__Exercise goal__
Print the listing below exactly.

* * *

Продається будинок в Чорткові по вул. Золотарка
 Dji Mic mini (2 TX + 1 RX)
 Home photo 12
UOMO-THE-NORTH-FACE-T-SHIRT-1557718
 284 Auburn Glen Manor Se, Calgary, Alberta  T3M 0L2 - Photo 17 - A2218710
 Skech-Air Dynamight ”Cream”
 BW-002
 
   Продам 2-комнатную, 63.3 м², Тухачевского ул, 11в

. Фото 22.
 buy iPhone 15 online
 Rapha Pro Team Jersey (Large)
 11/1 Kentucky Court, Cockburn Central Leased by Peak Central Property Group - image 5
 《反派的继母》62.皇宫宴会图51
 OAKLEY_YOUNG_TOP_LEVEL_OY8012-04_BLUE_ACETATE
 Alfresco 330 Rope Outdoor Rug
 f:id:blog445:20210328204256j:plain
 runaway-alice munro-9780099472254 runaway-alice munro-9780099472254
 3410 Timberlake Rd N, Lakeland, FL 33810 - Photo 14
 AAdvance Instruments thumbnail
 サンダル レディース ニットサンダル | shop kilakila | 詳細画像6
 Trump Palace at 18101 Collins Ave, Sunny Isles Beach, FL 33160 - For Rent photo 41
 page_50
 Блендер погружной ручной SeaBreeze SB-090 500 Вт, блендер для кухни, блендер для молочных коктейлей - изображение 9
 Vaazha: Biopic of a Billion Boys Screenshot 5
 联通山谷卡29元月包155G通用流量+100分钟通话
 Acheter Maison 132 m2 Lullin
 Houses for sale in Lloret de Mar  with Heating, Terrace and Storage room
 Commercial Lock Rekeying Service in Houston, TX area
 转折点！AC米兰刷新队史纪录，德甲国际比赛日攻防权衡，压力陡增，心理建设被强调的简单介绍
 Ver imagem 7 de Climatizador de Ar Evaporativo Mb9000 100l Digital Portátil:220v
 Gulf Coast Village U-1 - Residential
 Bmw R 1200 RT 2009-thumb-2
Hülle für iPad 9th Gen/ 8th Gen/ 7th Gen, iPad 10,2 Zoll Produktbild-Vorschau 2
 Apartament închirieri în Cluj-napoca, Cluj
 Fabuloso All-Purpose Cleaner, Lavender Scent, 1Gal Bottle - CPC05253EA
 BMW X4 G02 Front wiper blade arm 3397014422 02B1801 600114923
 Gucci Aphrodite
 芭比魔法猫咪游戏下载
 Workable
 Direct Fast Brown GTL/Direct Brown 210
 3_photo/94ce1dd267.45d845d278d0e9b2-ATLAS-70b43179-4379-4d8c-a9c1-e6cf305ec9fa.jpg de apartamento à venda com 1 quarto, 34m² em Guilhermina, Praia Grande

* * *

__Completed exercise__
Продається будинок в Чорткові по вул. Золотарка
 Dji Mic mini (2 TX + 1 RX)
 Home photo 12
UOMO-THE-NORTH-FACE-T-SHIRT-1557718
 284 Auburn Glen Manor Se, Calgary, Alberta  T3M 0L2 - Photo 17 - A2218710
 Skech-Air Dynamight ”Cream”
 BW-002
 
   Продам 2-комнатную, 63.3 м², Тухачевского ул, 11в

. Фото 22.
 buy iPhone 15 online
 Rapha Pro Team Jersey (Large)
 11/1 Kentucky Court, Cockburn Central Leased by Peak Central Property Group - image 5
 《反派的继母》62.皇宫宴会图51
 OAKLEY_YOUNG_TOP_LEVEL_OY8012-04_BLUE_ACETATE
 Alfresco 330 Rope Outdoor Rug
 f:id:blog445:20210328204256j:plain
 runaway-alice munro-9780099472254 runaway-alice munro-9780099472254
 3410 Timberlake Rd N, Lakeland, FL 33810 - Photo 14
 AAdvance Instruments thumbnail
 サンダル レディース ニットサンダル | shop kilakila | 詳細画像6
 Trump Palace at 18101 Collins Ave, Sunny Isles Beach, FL 33160 - For Rent photo 41
 page_50
 Блендер погружной ручной SeaBreeze SB-090 500 Вт, блендер для кухни, блендер для молочных коктейлей - изображение 9
 Vaazha: Biopic of a Billion Boys Screenshot 5
 联通山谷卡29元月包155G通用流量+100分钟通话
 Acheter Maison 132 m2 Lullin
 Houses for sale in Lloret de Mar  with Heating, Terrace and Storage room
 Commercial Lock Rekeying Service in Houston, TX area
 转折点！AC米兰刷新队史纪录，德甲国际比赛日攻防权衡，压力陡增，心理建设被强调的简单介绍
 Ver imagem 7 de Climatizador de Ar Evaporativo Mb9000 100l Digital Portátil:220v
 Gulf Coast Village U-1 - Residential
 Bmw R 1200 RT 2009-thumb-2
Hülle für iPad 9th Gen/ 8th Gen/ 7th Gen, iPad 10,2 Zoll Produktbild-Vorschau 2
 Apartament închirieri în Cluj-napoca, Cluj
 Fabuloso All-Purpose Cleaner, Lavender Scent, 1Gal Bottle - CPC05253EA
 BMW X4 G02 Front wiper blade arm 3397014422 02B1801 600114923
 Gucci Aphrodite
 芭比魔法猫咪游戏下载
 Workable
 Direct Fast Brown GTL/Direct Brown 210
 3_photo/94ce1dd267.45d845d278d0e9b2-ATLAS-70b43179-4379-4d8c-a9c1-e6cf305ec9fa.jpg de apartamento à venda com 1 quarto, 34m² em Guilhermina, Praia Grande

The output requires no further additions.